The 1998 deeds were unambiguous, explicitly reserving all recorded and existing easements and excepting them from the title conveyed to AKG, with no language releasing the prior easements.
Extrinsic evidence was inadmissible because the deeds showed no ambiguity regarding the preexisting easements.
Under Wisconsin law, recorded express easements burden subsequent conveyances of the servient estate without express mention, and pass with the dominant estate.
AKG's title insurance also listed the 1961 easement as an exception, confirming its survival.
Conclusion
No, the 1998 deeds did not extinguish the 1961 easement. The deeds unambiguously preserved existing recorded easements, and silence does not terminate express easements under Wisconsin law.
Additional Opinions
Shirley S. Abrahamson, C.j.: Concurrence
Chief Justice Abrahamson agrees with the majority that AKG Real Estate cannot obtain court approval to relocate or terminate the express easement without the Kostermans' consent, as they own the dominant estate. She disagrees with the majority's overly broad holding that a servient estate owner cannot unilaterally relocate or terminate an express easement under any circumstances, and that such easements continue regardless of need. Abrahamson clarifies that an express easement can terminate if the specific purpose for which it was granted ceases, citing Niedfeldt v. Evans. She argues the court should not decide on adopting Restatement (Third) of Property sections 4.8(3) or 7.10(2), as neither applies: section 4.8(3) addresses modifications that do not burden the dominant estate, but here extinguishment is proposed and would burden the owners; section 7.10(2) allows modifications for 'changed conditions' under a stringent standard where the servitude no longer serves its purpose, but no such conditions exist here. Abrahamson finds the dominant estate owners' argument persuasive that there are no changed conditions and notes that section 7.10(2) is narrower than described in a cited law review article. She joins Justice Bradley's concurring opinion, and Justice Bradley joins this concurrence.

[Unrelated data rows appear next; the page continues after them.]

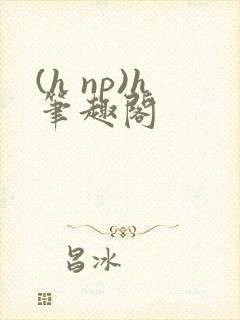 (h np)h笔趣阁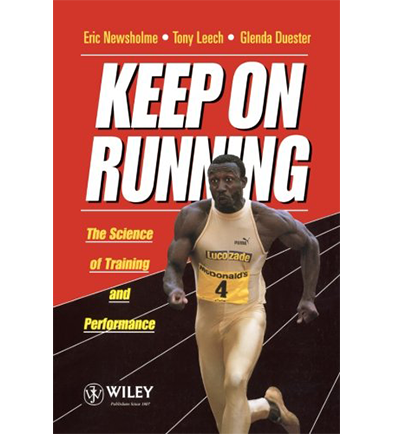 Keep On Running The Science Of Training And Performance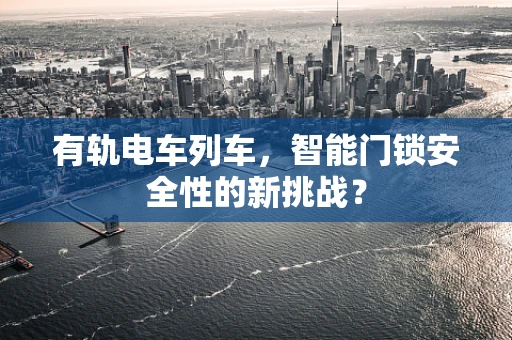 有轨电车列车，智能门锁安全性的新挑战？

Ann Walsh Bradley, J.: Concurrence
Justice Bradley concurs, emphasizing that the 1961 express easement for ingress and egress remains usable for its granted purposes, so concepts like impossibility or cessation of purpose do not apply. She notes that whether the easement is still 'necessary' is irrelevant for express easements, citing Niedfeldt v. Evans and Millen v. Thomas, as the right does not cease with lack of necessity. Bradley points out that no common law precepts such as consent, abandonment, or unity of ownership apply to extinguish or relocate the easement under these facts, so current Wisconsin law requires its continuation unless modified. In future cases involving impossibility, she suggests the court consider terminating an express easement if its purpose becomes impossible to achieve, as this high standard balances the rights of dominant and servient estates without binding the latter in perpetuity when the easement serves no purpose. Chief Justice Abrahamson joins this concurrence, and this concurrence joins Chief Justice Abrahamson's concurrence.